Another of my own for National Poetry Month.
These rocks are words: take them in your mouth
and bite down, crush them, gravel them between
your teeth till they are sand, then spit them out:
gritty consonants, dark vowels on clean
white paper, remnant of a broken tree
once rooted deep in dirt, now blank and pale
as sightless eyes or skin of leprosy
soiled with dust sieved by the teeth, a trail
of scales fallen from the eyes, of notes
drawn up in measured music. Given breath,
they rise up from the page in dancing motes
and whisper in our ears of rumored death:
We rocks, we trees will give rise to new words
when you are gone to dust and scattered shards.
[April 13, 1994]
About this poem
My first sonnet.
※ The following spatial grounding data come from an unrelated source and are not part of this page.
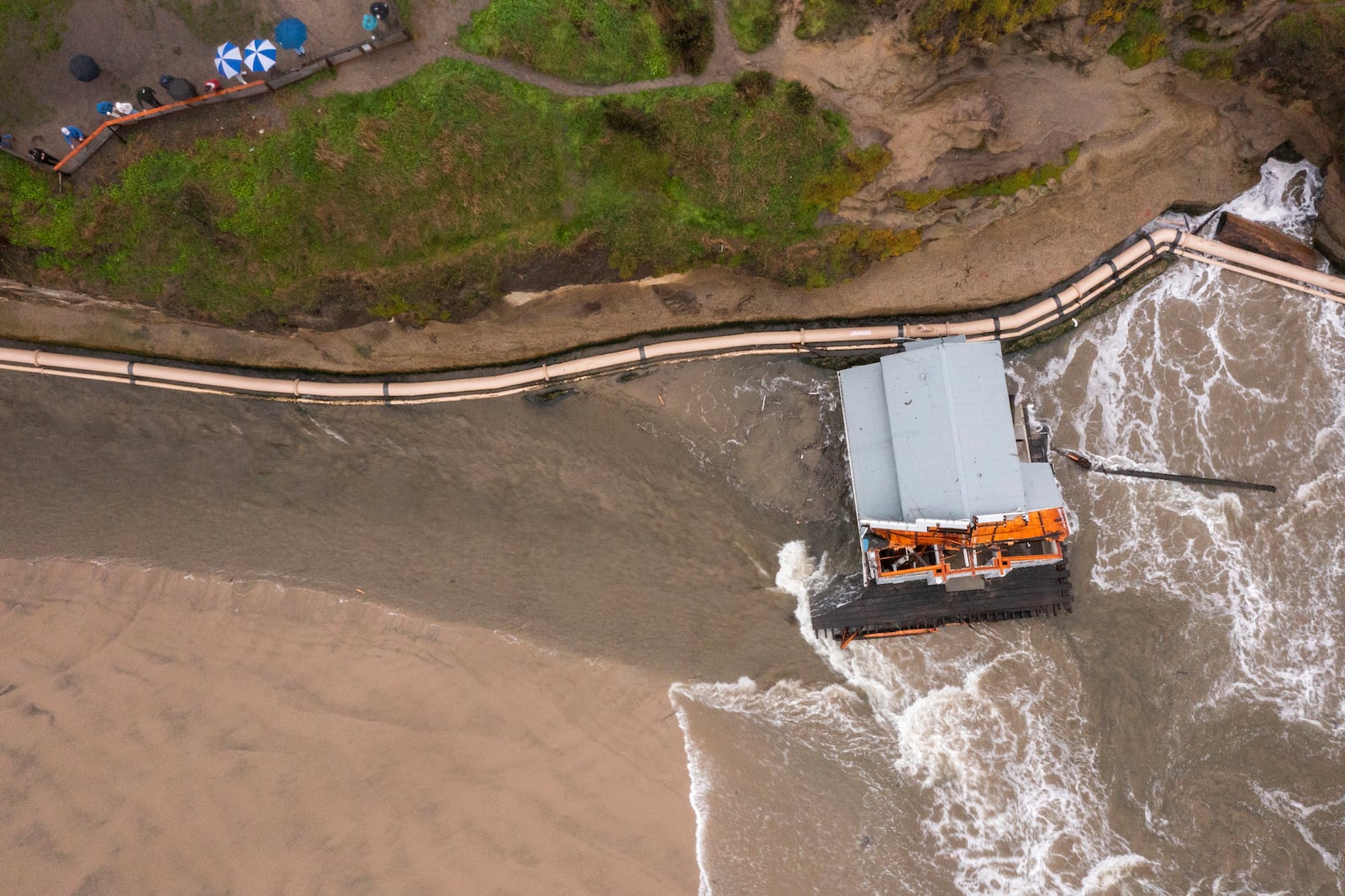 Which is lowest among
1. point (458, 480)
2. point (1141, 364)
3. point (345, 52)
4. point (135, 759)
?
A: point (135, 759)

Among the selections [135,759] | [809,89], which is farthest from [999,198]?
[135,759]

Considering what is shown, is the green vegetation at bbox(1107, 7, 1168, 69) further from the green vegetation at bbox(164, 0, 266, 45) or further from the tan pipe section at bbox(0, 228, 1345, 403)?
the green vegetation at bbox(164, 0, 266, 45)

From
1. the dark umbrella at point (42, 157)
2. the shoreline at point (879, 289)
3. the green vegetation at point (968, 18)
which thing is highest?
the green vegetation at point (968, 18)

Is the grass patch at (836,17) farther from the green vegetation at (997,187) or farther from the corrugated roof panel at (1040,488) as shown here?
the corrugated roof panel at (1040,488)

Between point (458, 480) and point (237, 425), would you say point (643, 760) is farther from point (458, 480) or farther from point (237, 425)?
point (237, 425)

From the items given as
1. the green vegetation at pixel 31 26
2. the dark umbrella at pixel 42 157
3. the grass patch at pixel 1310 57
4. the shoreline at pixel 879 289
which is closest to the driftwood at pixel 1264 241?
the shoreline at pixel 879 289

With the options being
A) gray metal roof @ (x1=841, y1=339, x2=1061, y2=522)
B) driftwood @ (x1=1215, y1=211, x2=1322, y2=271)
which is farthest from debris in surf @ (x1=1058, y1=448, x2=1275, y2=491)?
driftwood @ (x1=1215, y1=211, x2=1322, y2=271) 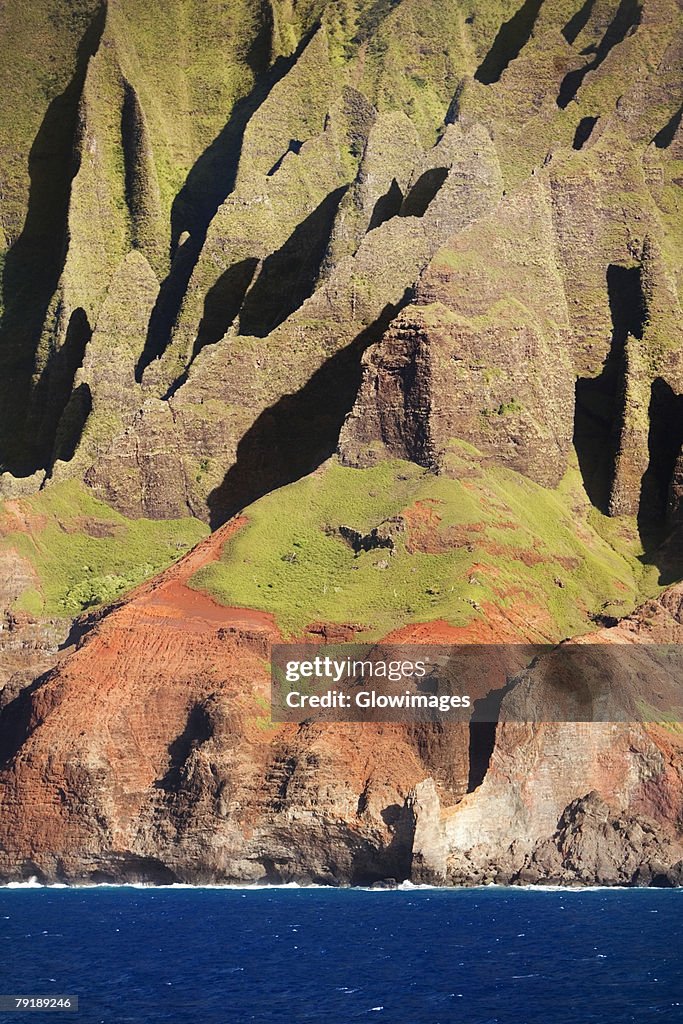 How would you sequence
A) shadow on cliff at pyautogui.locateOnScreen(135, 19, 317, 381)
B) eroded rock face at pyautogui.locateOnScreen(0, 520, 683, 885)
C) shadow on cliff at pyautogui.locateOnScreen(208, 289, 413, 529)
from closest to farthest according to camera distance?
1. eroded rock face at pyautogui.locateOnScreen(0, 520, 683, 885)
2. shadow on cliff at pyautogui.locateOnScreen(208, 289, 413, 529)
3. shadow on cliff at pyautogui.locateOnScreen(135, 19, 317, 381)

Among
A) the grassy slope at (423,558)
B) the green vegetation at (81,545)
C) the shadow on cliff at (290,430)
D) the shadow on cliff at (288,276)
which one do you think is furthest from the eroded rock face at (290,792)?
the shadow on cliff at (288,276)

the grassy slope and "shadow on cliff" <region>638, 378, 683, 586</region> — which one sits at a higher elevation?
"shadow on cliff" <region>638, 378, 683, 586</region>

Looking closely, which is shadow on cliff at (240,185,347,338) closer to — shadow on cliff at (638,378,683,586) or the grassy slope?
the grassy slope

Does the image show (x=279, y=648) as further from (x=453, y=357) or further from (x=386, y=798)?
(x=453, y=357)

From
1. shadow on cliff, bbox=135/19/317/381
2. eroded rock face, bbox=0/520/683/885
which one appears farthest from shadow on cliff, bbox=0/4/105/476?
eroded rock face, bbox=0/520/683/885

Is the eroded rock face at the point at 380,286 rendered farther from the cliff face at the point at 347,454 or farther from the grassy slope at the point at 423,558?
the grassy slope at the point at 423,558

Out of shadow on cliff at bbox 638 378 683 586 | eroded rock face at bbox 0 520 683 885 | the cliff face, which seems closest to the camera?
eroded rock face at bbox 0 520 683 885

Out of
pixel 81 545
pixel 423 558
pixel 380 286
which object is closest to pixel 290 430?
pixel 380 286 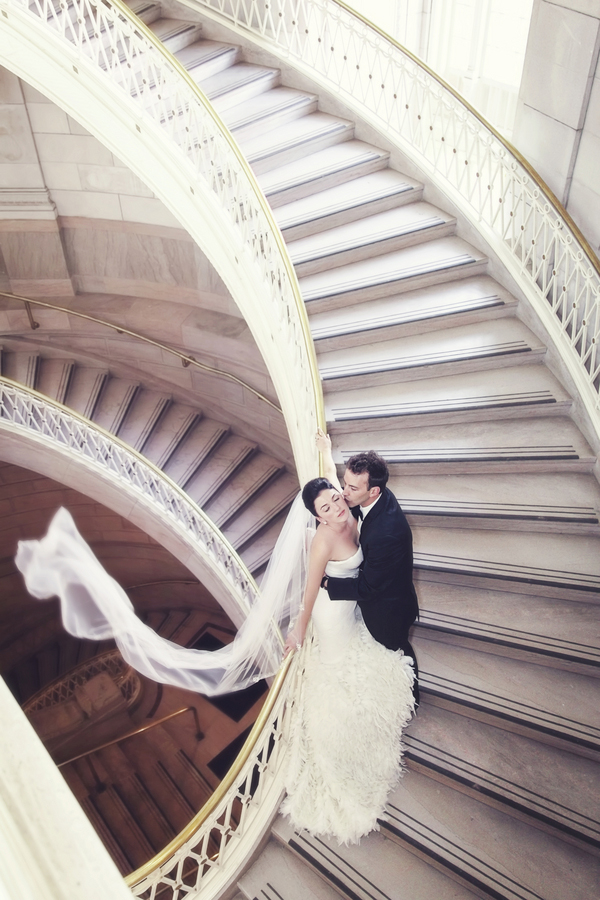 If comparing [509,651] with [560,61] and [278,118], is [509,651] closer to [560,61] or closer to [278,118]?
[560,61]

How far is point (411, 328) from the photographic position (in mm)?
6090

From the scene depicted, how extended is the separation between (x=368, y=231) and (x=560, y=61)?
6.98ft

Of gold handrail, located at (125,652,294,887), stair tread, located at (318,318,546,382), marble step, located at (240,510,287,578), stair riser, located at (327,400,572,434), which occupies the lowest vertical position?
gold handrail, located at (125,652,294,887)

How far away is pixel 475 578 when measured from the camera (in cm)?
480

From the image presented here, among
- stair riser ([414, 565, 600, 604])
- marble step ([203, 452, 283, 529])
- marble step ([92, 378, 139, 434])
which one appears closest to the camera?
stair riser ([414, 565, 600, 604])

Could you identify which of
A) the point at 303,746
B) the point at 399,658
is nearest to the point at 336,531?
the point at 399,658

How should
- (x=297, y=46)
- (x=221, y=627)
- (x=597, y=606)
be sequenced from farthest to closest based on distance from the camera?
1. (x=221, y=627)
2. (x=297, y=46)
3. (x=597, y=606)

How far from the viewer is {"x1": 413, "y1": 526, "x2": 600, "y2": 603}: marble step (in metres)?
4.63

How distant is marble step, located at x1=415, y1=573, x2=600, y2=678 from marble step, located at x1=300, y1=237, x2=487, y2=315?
281 centimetres

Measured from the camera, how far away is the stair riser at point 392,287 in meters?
6.28

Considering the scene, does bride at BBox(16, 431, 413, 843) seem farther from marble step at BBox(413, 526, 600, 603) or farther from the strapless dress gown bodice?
marble step at BBox(413, 526, 600, 603)

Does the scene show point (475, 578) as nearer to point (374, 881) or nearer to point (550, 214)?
point (374, 881)

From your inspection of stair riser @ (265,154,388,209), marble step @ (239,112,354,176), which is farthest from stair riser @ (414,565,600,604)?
marble step @ (239,112,354,176)

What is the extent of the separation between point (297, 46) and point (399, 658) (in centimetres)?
709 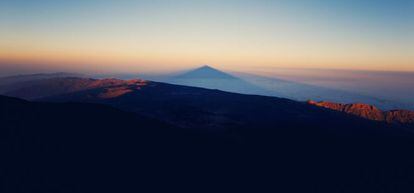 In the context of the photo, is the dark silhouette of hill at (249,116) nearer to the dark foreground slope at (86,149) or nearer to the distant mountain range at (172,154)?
the distant mountain range at (172,154)

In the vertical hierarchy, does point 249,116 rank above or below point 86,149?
below

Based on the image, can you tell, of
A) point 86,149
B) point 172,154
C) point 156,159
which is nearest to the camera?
point 86,149

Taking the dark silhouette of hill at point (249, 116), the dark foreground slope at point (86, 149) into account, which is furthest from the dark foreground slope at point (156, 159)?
the dark silhouette of hill at point (249, 116)

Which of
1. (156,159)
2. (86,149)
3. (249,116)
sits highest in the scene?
(86,149)

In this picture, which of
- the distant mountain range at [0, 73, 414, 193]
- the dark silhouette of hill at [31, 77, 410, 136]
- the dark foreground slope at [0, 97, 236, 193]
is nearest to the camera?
the dark foreground slope at [0, 97, 236, 193]

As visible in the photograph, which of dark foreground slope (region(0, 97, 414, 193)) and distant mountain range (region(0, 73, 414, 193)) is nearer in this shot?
dark foreground slope (region(0, 97, 414, 193))

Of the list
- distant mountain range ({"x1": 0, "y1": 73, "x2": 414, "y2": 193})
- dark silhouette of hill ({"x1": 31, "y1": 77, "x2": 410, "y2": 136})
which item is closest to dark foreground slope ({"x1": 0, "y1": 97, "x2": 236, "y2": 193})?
distant mountain range ({"x1": 0, "y1": 73, "x2": 414, "y2": 193})

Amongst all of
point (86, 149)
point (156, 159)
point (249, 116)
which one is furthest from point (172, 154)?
point (249, 116)

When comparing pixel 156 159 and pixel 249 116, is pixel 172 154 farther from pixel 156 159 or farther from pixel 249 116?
pixel 249 116

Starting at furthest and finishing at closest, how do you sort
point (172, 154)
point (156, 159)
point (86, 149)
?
1. point (172, 154)
2. point (156, 159)
3. point (86, 149)

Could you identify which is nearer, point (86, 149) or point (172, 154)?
point (86, 149)

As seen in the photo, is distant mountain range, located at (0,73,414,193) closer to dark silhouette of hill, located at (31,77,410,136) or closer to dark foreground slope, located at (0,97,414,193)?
Result: dark foreground slope, located at (0,97,414,193)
As described in the introductory essay in my masters’ thesis (Borrowed from Wind, 1997) –
“Stone Poem”… is a Shakespearean or English sonnet, comprising three quatrains, each of which takes its own part in logically developing the poem, and concluded by the couplet’s one-two punch—softened slightly, in this case, by the off-rhyme of words and shards.
Elsewhere in that essay:
Words come from rocks, geese, grass, wind, not vice versa. Hence the reversal that suddenly took place, just before I printed out copies of “Stone Poem” for workshop, from “These words are rocks” to “These rocks are words”…. After workshop, half my copies of “Stone Poem” came back with the single, commanding note [from other students in the workshop]: “These words are rocks!” Which says a lot about just how strong is the received understanding of the “And God said, Let there be light” model of creation-by-the-word.